(Dataset records)
○ ○ ○

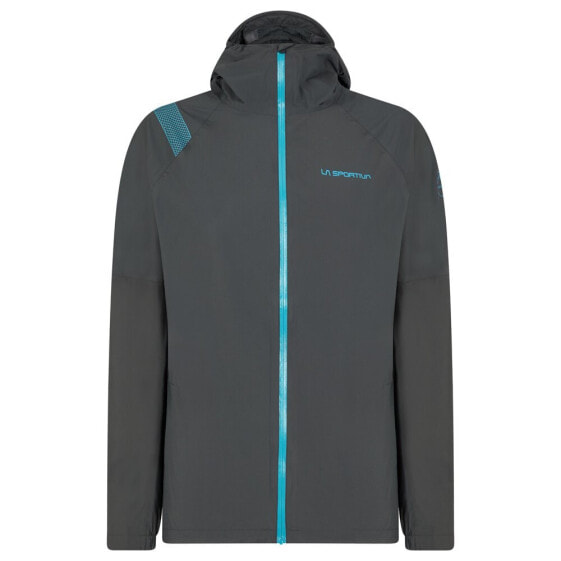 LA SPORTIVA Run Jacket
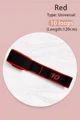 10 loops Red Normal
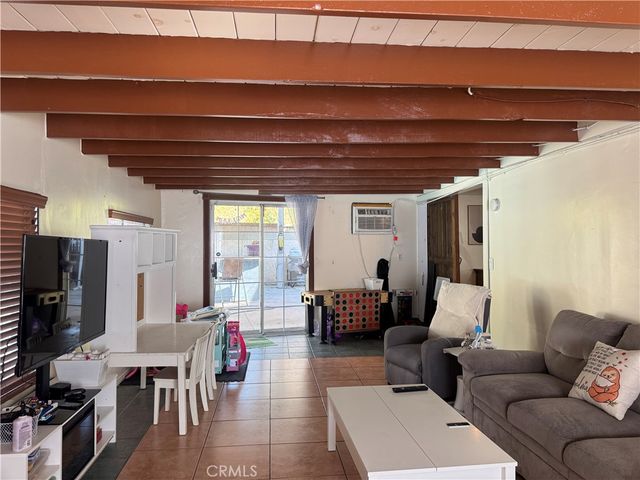 1247 E Shalene, West Covina, CA 91792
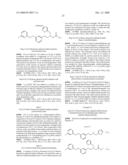 2-Phenylethylamino Derivatives as Calcium and/or Sodium Channel Modulators diagram and image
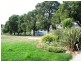 on Peabody Road, Molong NSW 2866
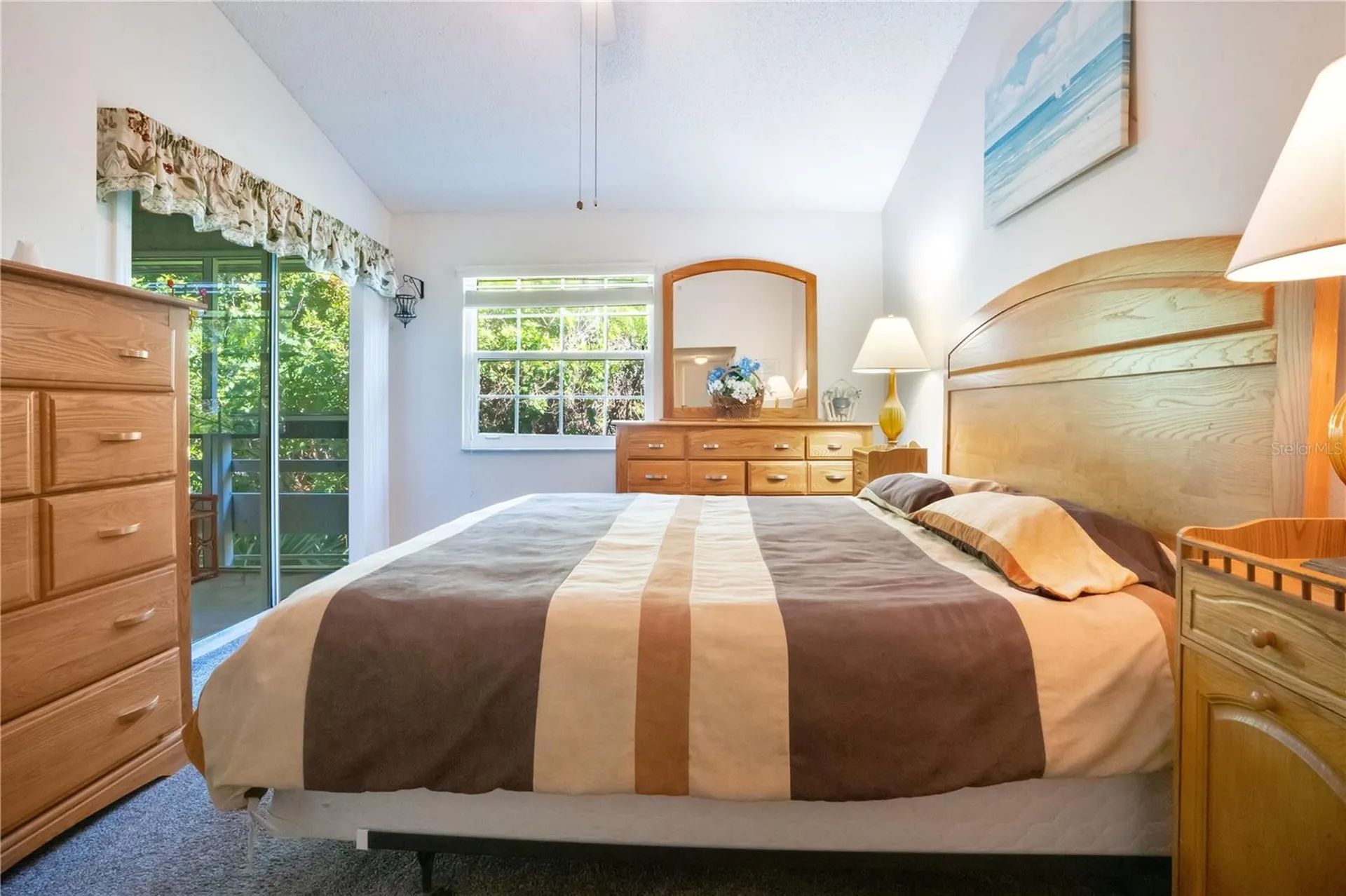4313 Sea Mist Drive New Smyrna Beach FL 32169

○ ○ ○

*TASK BRIEF:*
Skip all pictures. Copy exactly the lines from the one containing "1247 E Shalene, West Covina, CA 91792" through the end of the records, both ends included.

*SOLUTION TO THE EXERCISE:*
 1247 E Shalene, West Covina, CA 91792
 2-Phenylethylamino Derivatives as Calcium and/or Sodium Channel Modulators diagram and image
 on Peabody Road, Molong NSW 2866
4313 Sea Mist Drive New Smyrna Beach FL 32169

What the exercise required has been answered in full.